The flurry of speculation about the future of autonomous vehicles is mostly ignoring a signficant downside: the impact on vehicle miles travelled (VMT). Safety and congestion resonate with people while VMT doesn’t. Yet reducing per capita VMT is also essential for combating climate change. The potential increase in VMT when self-driving cars become prevalent could negate any congestion reduction benefit. Indeed it could be far worse than today.
Reducing VMT or per capita VMT is usually viewed as restricting individual freedom. But is it? If high quality pedestrian and bicycle infrastructure and high quality transit service is provided, individuals have attractive choices to driving and many use them. Add to this mix car sharing, bike sharing and transportation network companies (TNC) like Uber and Lyft and many households are choosing to go car free or reduce the numbers autos owned without sacrificing mobility and accessibility.
Much has been written about autonomous cars in this blog and elsewhere. Countless predictions on the impact autonomous vehicles have been voiced – and they are probably all wrong. One good analysis on the introduction of autonomous vehicles is here, Zipcar founder Robin Chase has a heaven or hell scenario here.
Autonomous vehicles will not eliminate the need for high capacity transit (and Jarrett makes this case here) and we should be concerned that opponents of transit investment will use the prospect of autonomous vehicles as a reason not to invest in transit.
But the real concern is on the impact on society and the communities in which we live. Will the trend toward walkable communities and more active transportation be thwarted? Will we become a more isolated society moving about in our autonomous pods? Will sprawl spread? And to the main point, how much will VMT growth inhibit efforts to combat climate change. Even electric vehicles contribute to climate change if the electricity comes from fossil fuels, and fast growing VMT implies accelerated road construction, with its own environmental impacts.
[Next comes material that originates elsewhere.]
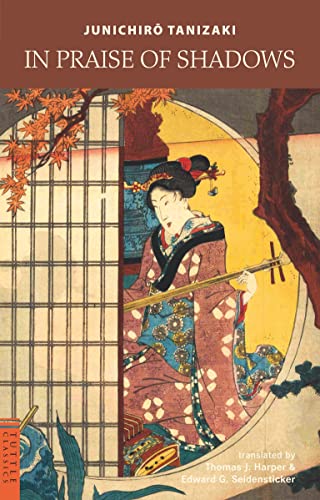 Cover of In Praise of Shadows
No one knows how fast autonomous vehicle availability and use will occur. But let's focus on two of the most discussed impacts of the growth in autonomous vehicle penetration in urban areas:
- reducing the amount of land devoted exclusively to the movement and storage of automobiles (a benefit) and
- the increase of Vehicle Miles Travelled (VMT), causing inevitable pressure to pave more of the earth (a negative);
The former will only occur, and the latter will only be tamed, if we price the movement and storage of vehicles correctly.
Improper pricing of automobile use and storage has put public transportation at a disadvantage since the end of WWII and maybe even longer than that. There is plenty of literature that makes the case for proper pricing of road space, but as impressive as these arguments are there is little public support to increase the cost of driving or storing a car. Without public support there will not be political support.
Car sharing and bike sharing have been growing over the past few years. The prevalence of these options result in some households shedding an car and using alternatives, including using transit more frequently. Indeed the two are mutually supportive. It is likely that households will reduce the number of cars they own (some may become car free while others will reduce the number of vehicles owned) if they have choices including a good car share program and good transit service.
If car ownership declines, and trips using shared cars are accurately priced, then individuals are more inclined to walk, bike or use transit when those modes are attractive alternatives. High-ridership transit, in particular will still be cheaper than shared cars. Therefore it is in the transit industry interest to partner, promote and facilitate growth of the sharing economy, but also to ensure that these services are priced fairly. If so, the sharing economy and high-ridership transit should be the best of friends, offering complementary services at different price points and often connecting with one another.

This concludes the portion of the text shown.